WHAT YOU HAVE TO DO: Produce an exact transcription of the listing below, omitting the pictures.

DATA PROVIDED:

⟨

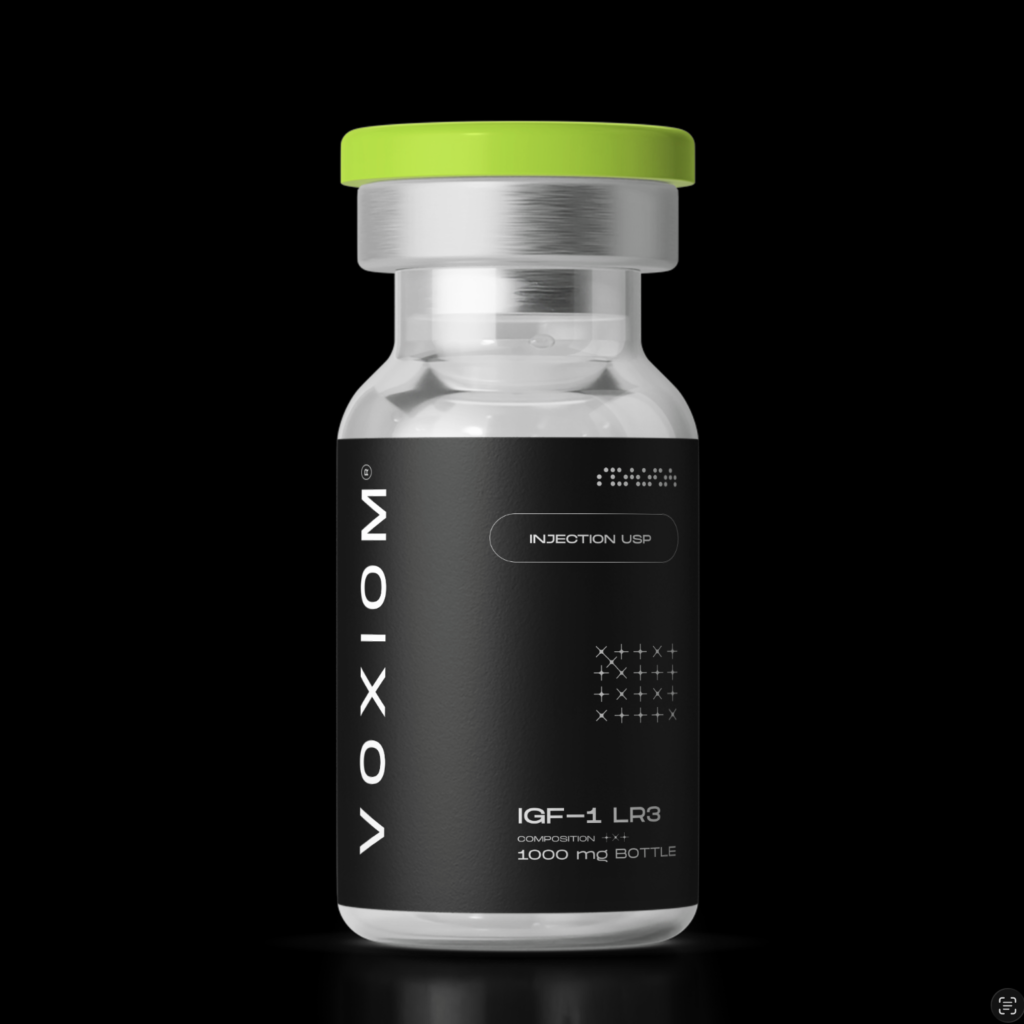 IGF-1 LR3 1mg – Advanced Muscle Cell Growth & Recovery
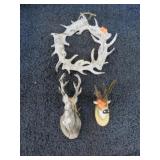 DEER DECOR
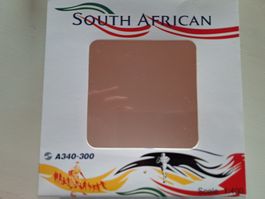 South African Airbus A340-313x 1:400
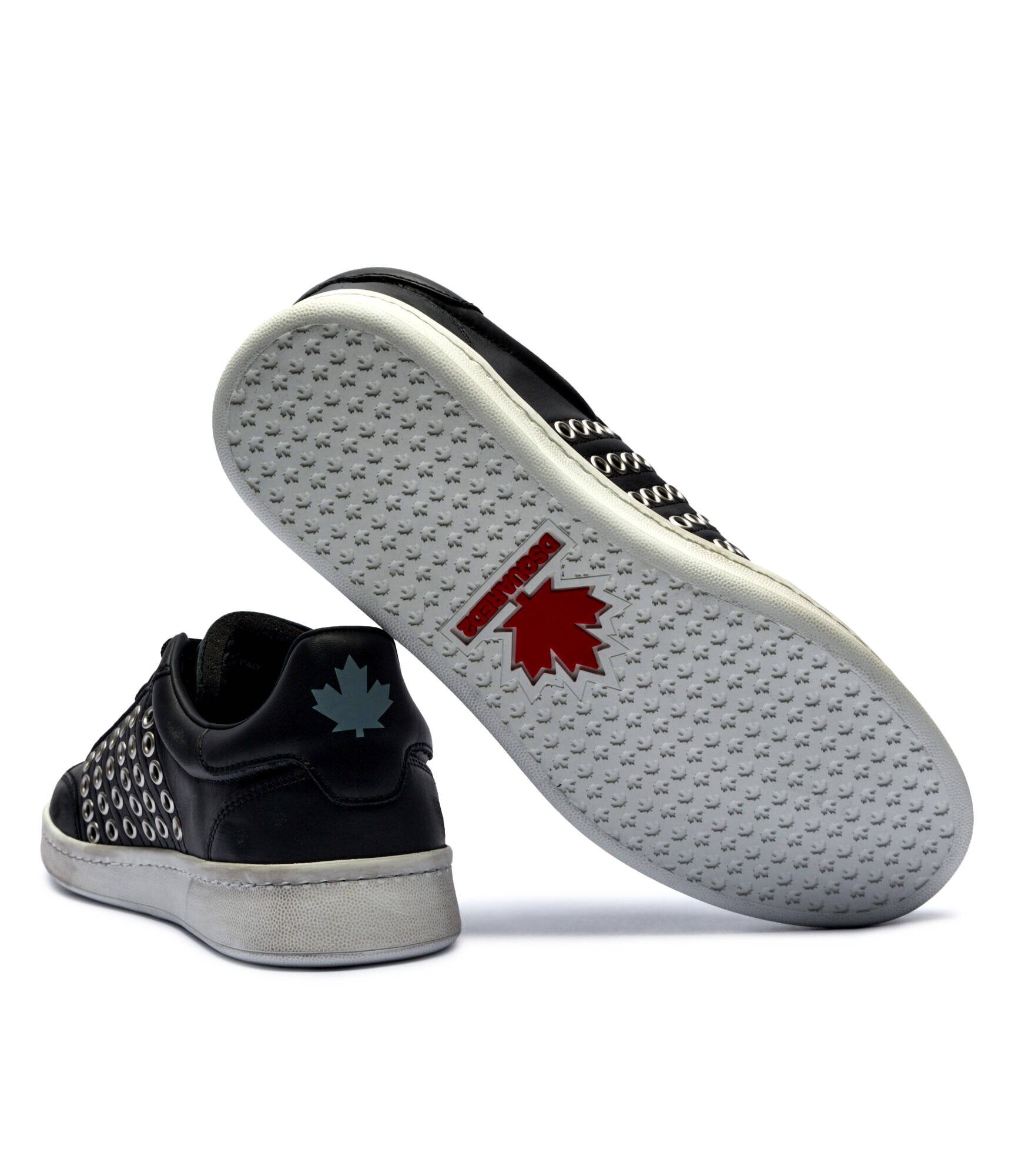 Dsquared2 De piele sneakers Lanvin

⟩

TASK SOLUTION:
 IGF-1 LR3 1mg – Advanced Muscle Cell Growth & Recovery
 DEER DECOR
 South African Airbus A340-313x 1:400
 Dsquared2 De piele sneakers Lanvin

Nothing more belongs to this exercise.